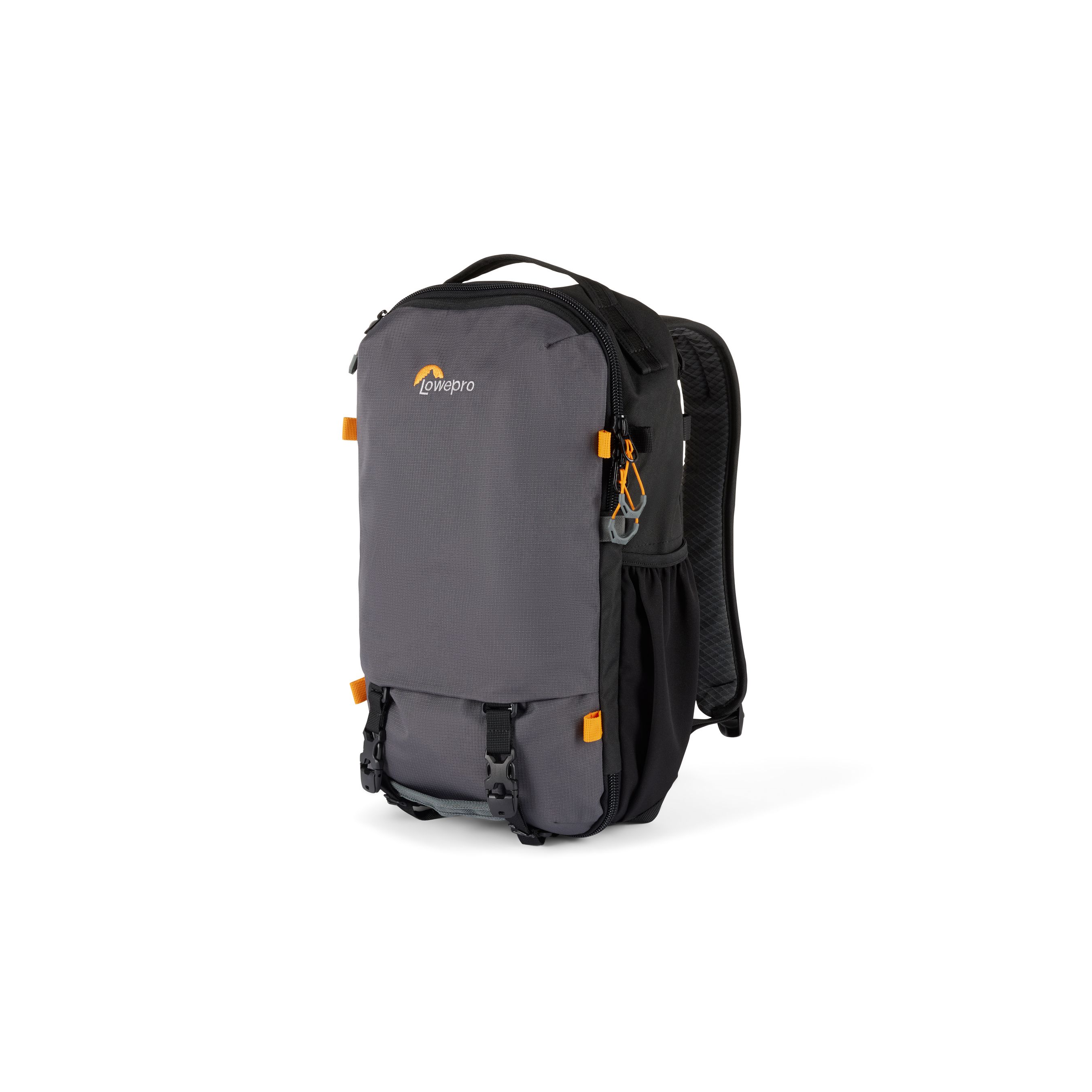 Lowepro Trekker Lite 150 grey Green Line
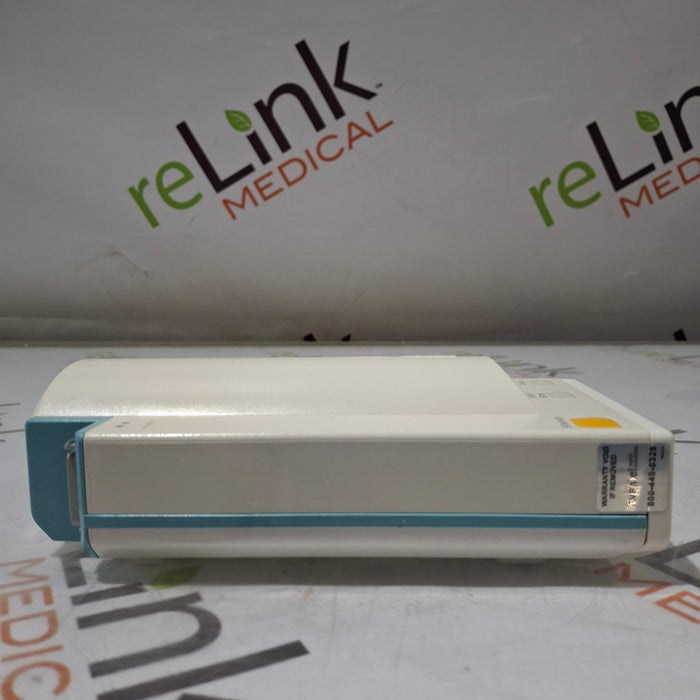 Philips M3001A-C06 Fast SpO2, NIBP, ECG, Temp, IBP MMS Module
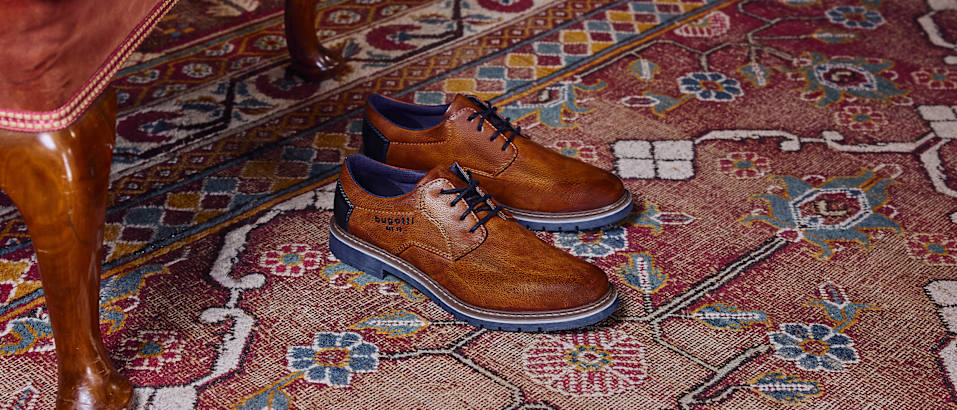 AW26_DUK_October_MenFormalShoes_MainHomeBanner_001_01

- **What you will do**
Only the pictures may be dropped when you copy the data above; everything else stays exact.

- **Solution to the exercise**
 Lowepro Trekker Lite 150 grey Green Line
 Philips M3001A-C06 Fast SpO2, NIBP, ECG, Temp, IBP MMS Module
 AW26_DUK_October_MenFormalShoes_MainHomeBanner_001_01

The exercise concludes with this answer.